==== DATA TO EXAMINE ====

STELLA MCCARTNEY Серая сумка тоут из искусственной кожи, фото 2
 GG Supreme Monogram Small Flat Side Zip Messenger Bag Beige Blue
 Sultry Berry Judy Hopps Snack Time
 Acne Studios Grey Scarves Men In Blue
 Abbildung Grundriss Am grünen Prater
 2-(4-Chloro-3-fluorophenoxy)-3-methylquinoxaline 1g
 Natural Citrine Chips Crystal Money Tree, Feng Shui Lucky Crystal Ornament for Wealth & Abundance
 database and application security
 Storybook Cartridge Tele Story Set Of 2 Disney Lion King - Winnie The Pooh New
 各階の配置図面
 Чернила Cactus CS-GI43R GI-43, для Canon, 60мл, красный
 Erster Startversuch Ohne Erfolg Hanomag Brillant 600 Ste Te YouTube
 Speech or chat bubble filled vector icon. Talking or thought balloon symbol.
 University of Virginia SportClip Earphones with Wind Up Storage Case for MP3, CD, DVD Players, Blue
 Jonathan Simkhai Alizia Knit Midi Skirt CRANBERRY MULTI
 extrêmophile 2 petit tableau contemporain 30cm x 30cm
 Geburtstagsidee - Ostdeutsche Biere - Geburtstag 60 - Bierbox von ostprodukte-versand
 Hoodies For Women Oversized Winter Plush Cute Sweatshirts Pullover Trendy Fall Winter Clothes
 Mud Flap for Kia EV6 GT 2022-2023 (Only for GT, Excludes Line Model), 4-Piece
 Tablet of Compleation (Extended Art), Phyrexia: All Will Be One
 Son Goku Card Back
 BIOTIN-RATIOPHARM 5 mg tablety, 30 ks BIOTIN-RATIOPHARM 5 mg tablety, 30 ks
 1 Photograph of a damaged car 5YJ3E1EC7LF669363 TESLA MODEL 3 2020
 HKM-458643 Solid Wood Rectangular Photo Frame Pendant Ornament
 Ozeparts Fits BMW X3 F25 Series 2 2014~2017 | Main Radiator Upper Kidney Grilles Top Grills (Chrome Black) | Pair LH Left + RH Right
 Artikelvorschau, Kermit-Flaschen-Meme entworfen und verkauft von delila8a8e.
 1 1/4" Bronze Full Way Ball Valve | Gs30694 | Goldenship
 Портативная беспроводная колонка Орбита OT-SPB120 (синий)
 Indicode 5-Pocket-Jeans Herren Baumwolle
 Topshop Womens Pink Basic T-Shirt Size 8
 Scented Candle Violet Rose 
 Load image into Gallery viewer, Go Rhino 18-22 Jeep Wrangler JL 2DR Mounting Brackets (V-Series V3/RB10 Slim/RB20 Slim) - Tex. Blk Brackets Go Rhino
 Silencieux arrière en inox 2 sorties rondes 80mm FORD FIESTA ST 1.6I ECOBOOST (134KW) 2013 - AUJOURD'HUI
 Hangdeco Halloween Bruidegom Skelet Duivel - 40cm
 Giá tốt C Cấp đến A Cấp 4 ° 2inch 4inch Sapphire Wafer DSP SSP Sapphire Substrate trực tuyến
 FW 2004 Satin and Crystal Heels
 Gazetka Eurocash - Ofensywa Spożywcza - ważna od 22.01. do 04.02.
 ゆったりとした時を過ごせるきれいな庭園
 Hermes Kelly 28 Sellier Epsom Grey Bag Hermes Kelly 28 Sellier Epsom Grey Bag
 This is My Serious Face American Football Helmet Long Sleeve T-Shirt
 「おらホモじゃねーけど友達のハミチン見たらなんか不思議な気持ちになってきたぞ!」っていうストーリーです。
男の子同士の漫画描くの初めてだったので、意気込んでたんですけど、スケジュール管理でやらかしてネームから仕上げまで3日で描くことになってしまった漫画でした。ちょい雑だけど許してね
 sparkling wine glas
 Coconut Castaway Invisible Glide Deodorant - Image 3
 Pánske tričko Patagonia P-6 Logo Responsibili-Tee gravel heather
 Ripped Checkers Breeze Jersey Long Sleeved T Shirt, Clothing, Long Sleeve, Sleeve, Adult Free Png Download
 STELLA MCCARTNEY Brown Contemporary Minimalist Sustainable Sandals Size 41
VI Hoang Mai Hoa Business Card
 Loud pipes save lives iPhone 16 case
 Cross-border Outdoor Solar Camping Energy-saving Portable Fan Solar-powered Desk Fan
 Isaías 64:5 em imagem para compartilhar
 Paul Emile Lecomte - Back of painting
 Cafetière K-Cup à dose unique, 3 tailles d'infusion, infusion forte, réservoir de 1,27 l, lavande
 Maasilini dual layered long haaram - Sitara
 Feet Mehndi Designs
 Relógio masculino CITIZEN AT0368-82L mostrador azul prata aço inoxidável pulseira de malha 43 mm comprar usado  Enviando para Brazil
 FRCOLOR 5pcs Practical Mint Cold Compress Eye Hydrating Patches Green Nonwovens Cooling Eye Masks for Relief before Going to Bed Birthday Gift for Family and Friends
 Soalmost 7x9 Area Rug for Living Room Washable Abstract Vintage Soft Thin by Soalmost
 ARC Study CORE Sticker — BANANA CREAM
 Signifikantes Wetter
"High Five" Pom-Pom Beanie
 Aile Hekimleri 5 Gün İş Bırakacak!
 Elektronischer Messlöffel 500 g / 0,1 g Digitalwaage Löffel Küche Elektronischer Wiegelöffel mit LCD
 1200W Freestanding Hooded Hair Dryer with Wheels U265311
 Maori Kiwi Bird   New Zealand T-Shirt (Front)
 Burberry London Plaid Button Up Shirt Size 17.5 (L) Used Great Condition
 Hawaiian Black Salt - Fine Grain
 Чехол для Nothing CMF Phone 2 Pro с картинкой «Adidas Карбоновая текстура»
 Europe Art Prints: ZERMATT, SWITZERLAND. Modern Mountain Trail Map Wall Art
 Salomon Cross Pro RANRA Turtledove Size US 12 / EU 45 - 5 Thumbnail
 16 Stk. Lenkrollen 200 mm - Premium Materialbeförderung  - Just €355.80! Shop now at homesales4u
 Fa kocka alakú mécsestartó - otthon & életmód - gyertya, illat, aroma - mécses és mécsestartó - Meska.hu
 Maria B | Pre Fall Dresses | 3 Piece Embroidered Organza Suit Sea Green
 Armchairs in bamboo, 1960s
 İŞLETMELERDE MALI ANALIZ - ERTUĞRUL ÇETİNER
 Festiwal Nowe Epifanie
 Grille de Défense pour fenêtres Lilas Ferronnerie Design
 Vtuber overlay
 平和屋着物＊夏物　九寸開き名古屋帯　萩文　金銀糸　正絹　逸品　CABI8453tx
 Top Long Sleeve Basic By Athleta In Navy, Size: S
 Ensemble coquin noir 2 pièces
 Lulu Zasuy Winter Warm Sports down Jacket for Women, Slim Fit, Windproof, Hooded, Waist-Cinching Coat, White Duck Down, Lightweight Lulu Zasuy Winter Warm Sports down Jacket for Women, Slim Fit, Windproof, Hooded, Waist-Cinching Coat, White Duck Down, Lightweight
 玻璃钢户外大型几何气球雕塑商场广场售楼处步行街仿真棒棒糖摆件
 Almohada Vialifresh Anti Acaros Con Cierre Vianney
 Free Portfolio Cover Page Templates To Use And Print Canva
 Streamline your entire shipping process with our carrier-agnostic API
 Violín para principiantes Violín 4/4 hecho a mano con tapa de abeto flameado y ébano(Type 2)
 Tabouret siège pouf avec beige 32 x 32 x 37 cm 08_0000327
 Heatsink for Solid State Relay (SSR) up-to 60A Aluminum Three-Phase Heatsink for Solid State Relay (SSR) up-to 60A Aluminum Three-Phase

====

### EXERCISE DIRECTIONS
Whatever appears in the data above must be copied word for word.

### SOLUTION FOR THIS TASK
STELLA MCCARTNEY Серая сумка тоут из искусственной кожи, фото 2
 GG Supreme Monogram Small Flat Side Zip Messenger Bag Beige Blue
 Sultry Berry Judy Hopps Snack Time
 Acne Studios Grey Scarves Men In Blue
 Abbildung Grundriss Am grünen Prater
 2-(4-Chloro-3-fluorophenoxy)-3-methylquinoxaline 1g
 Natural Citrine Chips Crystal Money Tree, Feng Shui Lucky Crystal Ornament for Wealth & Abundance
 database and application security
 Storybook Cartridge Tele Story Set Of 2 Disney Lion King - Winnie The Pooh New
 各階の配置図面
 Чернила Cactus CS-GI43R GI-43, для Canon, 60мл, красный
 Erster Startversuch Ohne Erfolg Hanomag Brillant 600 Ste Te YouTube
 Speech or chat bubble filled vector icon. Talking or thought balloon symbol.
 University of Virginia SportClip Earphones with Wind Up Storage Case for MP3, CD, DVD Players, Blue
 Jonathan Simkhai Alizia Knit Midi Skirt CRANBERRY MULTI
 extrêmophile 2 petit tableau contemporain 30cm x 30cm
 Geburtstagsidee - Ostdeutsche Biere - Geburtstag 60 - Bierbox von ostprodukte-versand
 Hoodies For Women Oversized Winter Plush Cute Sweatshirts Pullover Trendy Fall Winter Clothes
 Mud Flap for Kia EV6 GT 2022-2023 (Only for GT, Excludes Line Model), 4-Piece
 Tablet of Compleation (Extended Art), Phyrexia: All Will Be One
 Son Goku Card Back
 BIOTIN-RATIOPHARM 5 mg tablety, 30 ks BIOTIN-RATIOPHARM 5 mg tablety, 30 ks
 1 Photograph of a damaged car 5YJ3E1EC7LF669363 TESLA MODEL 3 2020
 HKM-458643 Solid Wood Rectangular Photo Frame Pendant Ornament
 Ozeparts Fits BMW X3 F25 Series 2 2014~2017 | Main Radiator Upper Kidney Grilles Top Grills (Chrome Black) | Pair LH Left + RH Right
 Artikelvorschau, Kermit-Flaschen-Meme entworfen und verkauft von delila8a8e.
 1 1/4" Bronze Full Way Ball Valve | Gs30694 | Goldenship
 Портативная беспроводная колонка Орбита OT-SPB120 (синий)
 Indicode 5-Pocket-Jeans Herren Baumwolle
 Topshop Womens Pink Basic T-Shirt Size 8
 Scented Candle Violet Rose 
 Load image into Gallery viewer, Go Rhino 18-22 Jeep Wrangler JL 2DR Mounting Brackets (V-Series V3/RB10 Slim/RB20 Slim) - Tex. Blk Brackets Go Rhino
 Silencieux arrière en inox 2 sorties rondes 80mm FORD FIESTA ST 1.6I ECOBOOST (134KW) 2013 - AUJOURD'HUI
 Hangdeco Halloween Bruidegom Skelet Duivel - 40cm
 Giá tốt C Cấp đến A Cấp 4 ° 2inch 4inch Sapphire Wafer DSP SSP Sapphire Substrate trực tuyến
 FW 2004 Satin and Crystal Heels
 Gazetka Eurocash - Ofensywa Spożywcza - ważna od 22.01. do 04.02.
 ゆったりとした時を過ごせるきれいな庭園
 Hermes Kelly 28 Sellier Epsom Grey Bag Hermes Kelly 28 Sellier Epsom Grey Bag
 This is My Serious Face American Football Helmet Long Sleeve T-Shirt
 「おらホモじゃねーけど友達のハミチン見たらなんか不思議な気持ちになってきたぞ!」っていうストーリーです。
男の子同士の漫画描くの初めてだったので、意気込んでたんですけど、スケジュール管理でやらかしてネームから仕上げまで3日で描くことになってしまった漫画でした。ちょい雑だけど許してね
 sparkling wine glas
 Coconut Castaway Invisible Glide Deodorant - Image 3
 Pánske tričko Patagonia P-6 Logo Responsibili-Tee gravel heather
 Ripped Checkers Breeze Jersey Long Sleeved T Shirt, Clothing, Long Sleeve, Sleeve, Adult Free Png Download
 STELLA MCCARTNEY Brown Contemporary Minimalist Sustainable Sandals Size 41
VI Hoang Mai Hoa Business Card
 Loud pipes save lives iPhone 16 case
 Cross-border Outdoor Solar Camping Energy-saving Portable Fan Solar-powered Desk Fan
 Isaías 64:5 em imagem para compartilhar
 Paul Emile Lecomte - Back of painting
 Cafetière K-Cup à dose unique, 3 tailles d'infusion, infusion forte, réservoir de 1,27 l, lavande
 Maasilini dual layered long haaram - Sitara
 Feet Mehndi Designs
 Relógio masculino CITIZEN AT0368-82L mostrador azul prata aço inoxidável pulseira de malha 43 mm comprar usado  Enviando para Brazil
 FRCOLOR 5pcs Practical Mint Cold Compress Eye Hydrating Patches Green Nonwovens Cooling Eye Masks for Relief before Going to Bed Birthday Gift for Family and Friends
 Soalmost 7x9 Area Rug for Living Room Washable Abstract Vintage Soft Thin by Soalmost
 ARC Study CORE Sticker — BANANA CREAM
 Signifikantes Wetter
"High Five" Pom-Pom Beanie
 Aile Hekimleri 5 Gün İş Bırakacak!
 Elektronischer Messlöffel 500 g / 0,1 g Digitalwaage Löffel Küche Elektronischer Wiegelöffel mit LCD
 1200W Freestanding Hooded Hair Dryer with Wheels U265311
 Maori Kiwi Bird   New Zealand T-Shirt (Front)
 Burberry London Plaid Button Up Shirt Size 17.5 (L) Used Great Condition
 Hawaiian Black Salt - Fine Grain
 Чехол для Nothing CMF Phone 2 Pro с картинкой «Adidas Карбоновая текстура»
 Europe Art Prints: ZERMATT, SWITZERLAND. Modern Mountain Trail Map Wall Art
 Salomon Cross Pro RANRA Turtledove Size US 12 / EU 45 - 5 Thumbnail
 16 Stk. Lenkrollen 200 mm - Premium Materialbeförderung  - Just €355.80! Shop now at homesales4u
 Fa kocka alakú mécsestartó - otthon & életmód - gyertya, illat, aroma - mécses és mécsestartó - Meska.hu
 Maria B | Pre Fall Dresses | 3 Piece Embroidered Organza Suit Sea Green
 Armchairs in bamboo, 1960s
 İŞLETMELERDE MALI ANALIZ - ERTUĞRUL ÇETİNER
 Festiwal Nowe Epifanie
 Grille de Défense pour fenêtres Lilas Ferronnerie Design
 Vtuber overlay
 平和屋着物＊夏物　九寸開き名古屋帯　萩文　金銀糸　正絹　逸品　CABI8453tx
 Top Long Sleeve Basic By Athleta In Navy, Size: S
 Ensemble coquin noir 2 pièces
 Lulu Zasuy Winter Warm Sports down Jacket for Women, Slim Fit, Windproof, Hooded, Waist-Cinching Coat, White Duck Down, Lightweight Lulu Zasuy Winter Warm Sports down Jacket for Women, Slim Fit, Windproof, Hooded, Waist-Cinching Coat, White Duck Down, Lightweight
 玻璃钢户外大型几何气球雕塑商场广场售楼处步行街仿真棒棒糖摆件
 Almohada Vialifresh Anti Acaros Con Cierre Vianney
 Free Portfolio Cover Page Templates To Use And Print Canva
 Streamline your entire shipping process with our carrier-agnostic API
 Violín para principiantes Violín 4/4 hecho a mano con tapa de abeto flameado y ébano(Type 2)
 Tabouret siège pouf avec beige 32 x 32 x 37 cm 08_0000327
 Heatsink for Solid State Relay (SSR) up-to 60A Aluminum Three-Phase Heatsink for Solid State Relay (SSR) up-to 60A Aluminum Three-Phase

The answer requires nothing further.